§ The data:
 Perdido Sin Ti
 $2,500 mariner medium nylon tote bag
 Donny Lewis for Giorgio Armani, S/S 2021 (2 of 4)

§ What is expected:
Copy out the lines from the line containing "nylon tote bag" to the end of the listing above, without alteration.

§ Result:
 $2,500 mariner medium nylon tote bag
 Donny Lewis for Giorgio Armani, S/S 2021 (2 of 4)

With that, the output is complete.